### What to do
Reproduce exactly the lines below from the one containing "The Economy Inn - Wesley Chapel" through the one containing "GENEROUS GAZE blouse", including both, and nothing else.

Scraped caption text data
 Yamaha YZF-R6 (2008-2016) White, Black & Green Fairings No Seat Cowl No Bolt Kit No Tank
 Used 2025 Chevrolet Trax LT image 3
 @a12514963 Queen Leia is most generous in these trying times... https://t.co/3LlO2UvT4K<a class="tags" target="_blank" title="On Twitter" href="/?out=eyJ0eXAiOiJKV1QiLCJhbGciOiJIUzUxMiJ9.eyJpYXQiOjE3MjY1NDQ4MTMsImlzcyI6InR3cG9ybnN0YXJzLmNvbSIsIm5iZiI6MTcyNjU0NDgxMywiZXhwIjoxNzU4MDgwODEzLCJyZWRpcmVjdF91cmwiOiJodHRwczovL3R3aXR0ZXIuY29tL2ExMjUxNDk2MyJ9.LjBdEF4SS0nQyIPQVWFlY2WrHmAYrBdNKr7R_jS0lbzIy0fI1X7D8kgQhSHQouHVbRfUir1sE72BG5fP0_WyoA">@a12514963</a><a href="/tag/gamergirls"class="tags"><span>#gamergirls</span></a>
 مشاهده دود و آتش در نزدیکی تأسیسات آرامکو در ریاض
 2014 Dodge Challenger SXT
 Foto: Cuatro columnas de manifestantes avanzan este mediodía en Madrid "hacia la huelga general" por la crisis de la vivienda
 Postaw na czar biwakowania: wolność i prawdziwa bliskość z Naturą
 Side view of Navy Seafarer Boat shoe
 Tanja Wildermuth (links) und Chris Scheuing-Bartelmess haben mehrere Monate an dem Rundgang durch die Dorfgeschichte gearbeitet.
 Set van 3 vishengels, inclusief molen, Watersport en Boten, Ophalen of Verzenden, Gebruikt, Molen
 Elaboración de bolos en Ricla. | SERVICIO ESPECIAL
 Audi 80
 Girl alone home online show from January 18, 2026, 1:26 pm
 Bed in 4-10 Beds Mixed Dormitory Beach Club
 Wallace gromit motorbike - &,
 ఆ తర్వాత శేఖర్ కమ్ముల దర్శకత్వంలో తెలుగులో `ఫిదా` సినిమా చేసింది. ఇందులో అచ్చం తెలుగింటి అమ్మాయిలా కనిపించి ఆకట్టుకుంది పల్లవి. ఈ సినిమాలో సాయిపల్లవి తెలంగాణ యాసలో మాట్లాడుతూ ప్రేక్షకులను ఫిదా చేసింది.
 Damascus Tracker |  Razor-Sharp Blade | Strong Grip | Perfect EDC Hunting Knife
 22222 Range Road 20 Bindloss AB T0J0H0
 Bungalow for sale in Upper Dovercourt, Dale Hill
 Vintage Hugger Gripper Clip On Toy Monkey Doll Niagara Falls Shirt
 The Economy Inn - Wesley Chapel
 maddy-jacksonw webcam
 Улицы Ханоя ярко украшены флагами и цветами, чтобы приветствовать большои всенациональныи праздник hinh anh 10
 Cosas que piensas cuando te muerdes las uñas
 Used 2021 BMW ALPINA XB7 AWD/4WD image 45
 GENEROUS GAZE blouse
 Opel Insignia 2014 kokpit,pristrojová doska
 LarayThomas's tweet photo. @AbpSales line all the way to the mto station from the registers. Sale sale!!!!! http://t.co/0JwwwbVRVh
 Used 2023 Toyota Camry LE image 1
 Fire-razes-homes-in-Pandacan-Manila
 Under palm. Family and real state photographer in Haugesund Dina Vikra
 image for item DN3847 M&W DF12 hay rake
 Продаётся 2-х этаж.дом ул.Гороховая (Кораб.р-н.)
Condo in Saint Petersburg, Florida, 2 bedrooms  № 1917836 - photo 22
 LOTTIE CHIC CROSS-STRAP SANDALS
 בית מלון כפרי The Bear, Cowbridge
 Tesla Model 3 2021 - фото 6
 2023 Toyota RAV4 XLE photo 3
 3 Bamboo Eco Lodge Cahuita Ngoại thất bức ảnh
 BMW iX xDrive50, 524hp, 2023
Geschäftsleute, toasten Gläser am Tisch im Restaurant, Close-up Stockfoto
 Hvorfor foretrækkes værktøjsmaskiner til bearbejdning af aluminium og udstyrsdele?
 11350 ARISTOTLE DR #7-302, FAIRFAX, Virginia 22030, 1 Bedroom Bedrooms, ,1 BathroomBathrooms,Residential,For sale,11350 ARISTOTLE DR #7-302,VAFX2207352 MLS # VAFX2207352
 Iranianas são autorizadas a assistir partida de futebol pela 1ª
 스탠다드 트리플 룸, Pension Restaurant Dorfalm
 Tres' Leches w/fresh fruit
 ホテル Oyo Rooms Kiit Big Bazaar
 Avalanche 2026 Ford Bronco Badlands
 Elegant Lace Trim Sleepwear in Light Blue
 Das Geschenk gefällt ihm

### Final answer
 The Economy Inn - Wesley Chapel
 maddy-jacksonw webcam
 Улицы Ханоя ярко украшены флагами и цветами, чтобы приветствовать большои всенациональныи праздник hinh anh 10
 Cosas que piensas cuando te muerdes las uñas
 Used 2021 BMW ALPINA XB7 AWD/4WD image 45
 GENEROUS GAZE blouse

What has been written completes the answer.